Tesla survey halted in Germany after 253,000 votes from just 2 IP addresses in the USA
A German news site pulled the plug on a Tesla buying survey after something didn’t add up. What began as a simple reader poll turned into a cautionary tale about how fragile online voting can be.
The survey, published in March 2025 by major outlet T-online, asked a straightforward question: Would you still consider buying a Tesla? Early responses painted a clear picture. Roughly 94 percent of participants said no. Interest looked weak. Sentiment stayed steady.
Then everything changed.
Within days, participation exploded past 467,500 votes. The mood flipped just as sharply. Nearly 70 percent of respondents now said they would consider buying a Tesla. The reversal was dramatic enough to trigger concern inside the newsroom.
Editors launched an internal review.
What they uncovered stopped the poll cold.
More than 253,000 votes traced back to just two IP addresses located in the United States. That level of activity from such a narrow source made organic participation implausible. T-online immediately suspended the survey and removed it from public view.

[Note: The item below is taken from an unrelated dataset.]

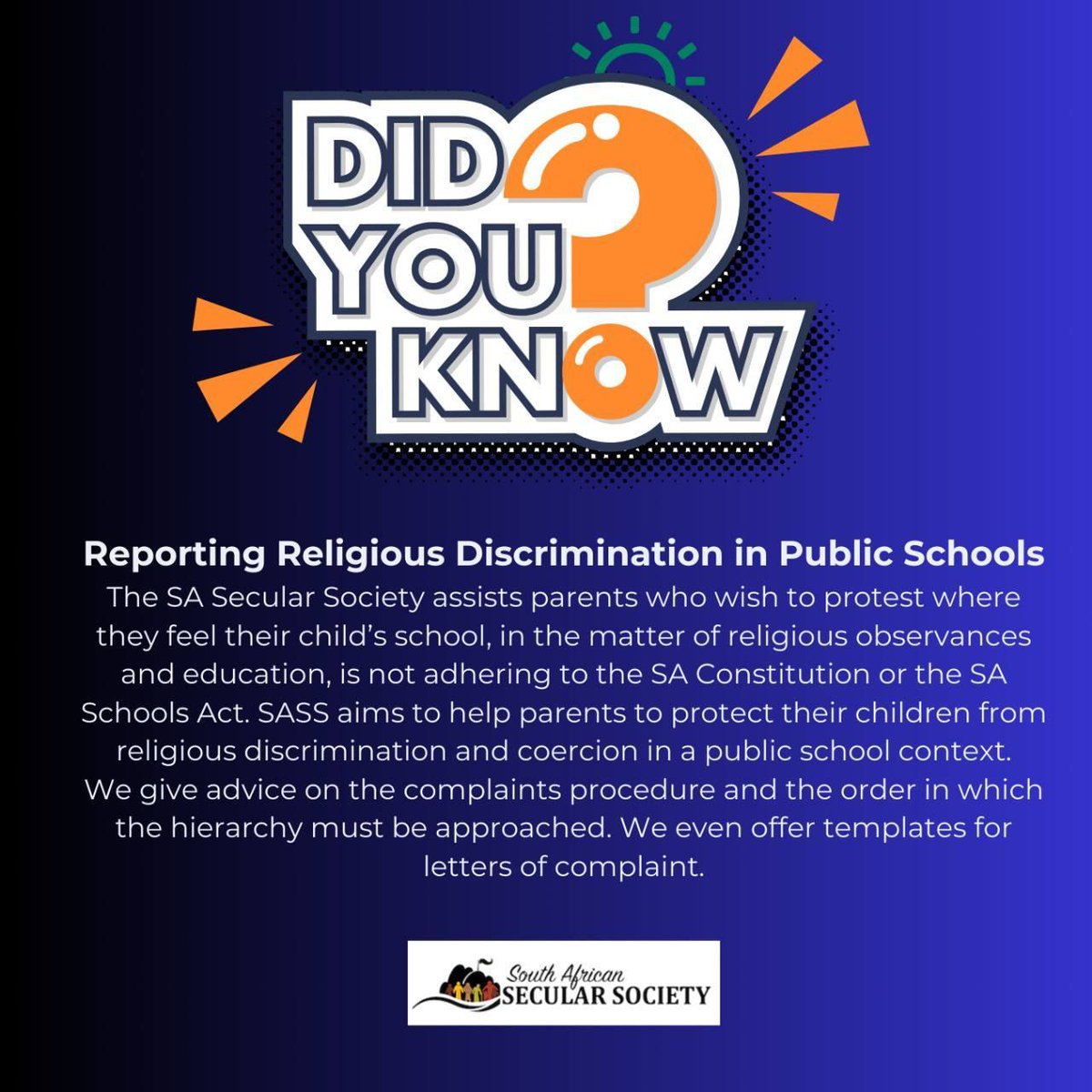 SAsecular's tweet image. #SecularValues #SecularSchools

“T-Online withdraws Tesla survey after 253,000 votes from 2 IP addresses in the USA,” the German news outlet wrote.
In its report, the outlet wrote: “This indicates that the survey might have been distorted.”

The story didn’t end there.
Editors noticed the poll had been widely shared on X, drawing thousands of reposts. One high-profile share came from Elon Musk himself after the results turned favorable. His post alone generated roughly 2.8 million views within two hours.
“Survey Results Took a Wild Turn After a week, the number of people voting in the still-open survey grew beyond 467,500, and an impressive 70 percent stated they would consider purchasing. T-Online investigated the sudden surge and found that 253,000 votes came from just two IP addresses in.”
Traffic surged. By Tuesday evening, several hundred votes were flooding in every minute.
Who controlled those votes remains unclear. What was clear to editors was that the data could no longer be trusted.
The episode spread quickly across German and international media. Fact-checking organizations confirmed the irregular traffic patterns and reinforced T-online’s conclusion. This was never a scientific survey. It lacked safeguards. It allowed unlimited voting. It was easy to manipulate.
The poll was shut down shortly after.
Reader surveys still carry weight in public conversation, even with disclaimers. Headlines move fast. Screenshots outlive retractions. A single distorted chart can shape perception long after the facts emerge.
T-online’s decision to pull the poll was a course correction that many outlets fail to make in time. The publication acknowledged the anomaly, explained its findings, and removed the data rather than letting it linger.
This wasn’t about defending Tesla or attacking critics. It was about protecting credibility.
As scrutiny around electric vehicle brands grows across Europe, sentiment matters. Public perception influences buyer confidence, policy debates, and market direction. That makes clean data more valuable than viral charts.
Musk shared the poll before the manipulation was publicly confirmed. Once it was taken down, the conversation shifted away from Tesla’s image and toward a larger issue: trust in online data.
That’s the real takeaway.
For readers, the lesson is simple. Treat online polls like what they are: entertainment, not evidence. For publishers, the bar is higher. Guardrails matter. Traffic patterns matter. Trust matters.
This story didn’t expose a corporate plot. It showed how easily perception can be bent online — and how quickly one newsroom chose to step in and stop it.
Tesla Sales Slump Puts the Survey in New Light
The halted German survey reads differently in light of Tesla’s 2025 performance.
Nine months after the poll controversy, Tesla confirmed what early European sentiment hinted at. In January 2026, the company reported a 16 percent drop in global deliveries to 1.64 million vehicles, marking its second straight annual decline. At the same time, Chinese rival BYD overtook Tesla to become the world’s largest EV seller.
That context reframes the March 2025 poll.
Early results showed resistance among German consumers, one of Tesla’s most strategic markets outside the U.S. The sudden vote reversal briefly created a more optimistic online narrative. Tesla’s full-year numbers later told a very different story.
The poll didn’t predict Tesla’s downturn. It didn’t cause it either. But it captured something real: a cooling mood among European buyers months before the delivery data made it official.
By the time Tesla released its 2025 figures, the shift was undeniable. Competition intensified. Price cuts squeezed margins. BYD reshaped the global EV leaderboard.
Looking back, the survey controversy feels less like internet noise and more like an early snapshot of a brand losing momentum in key markets.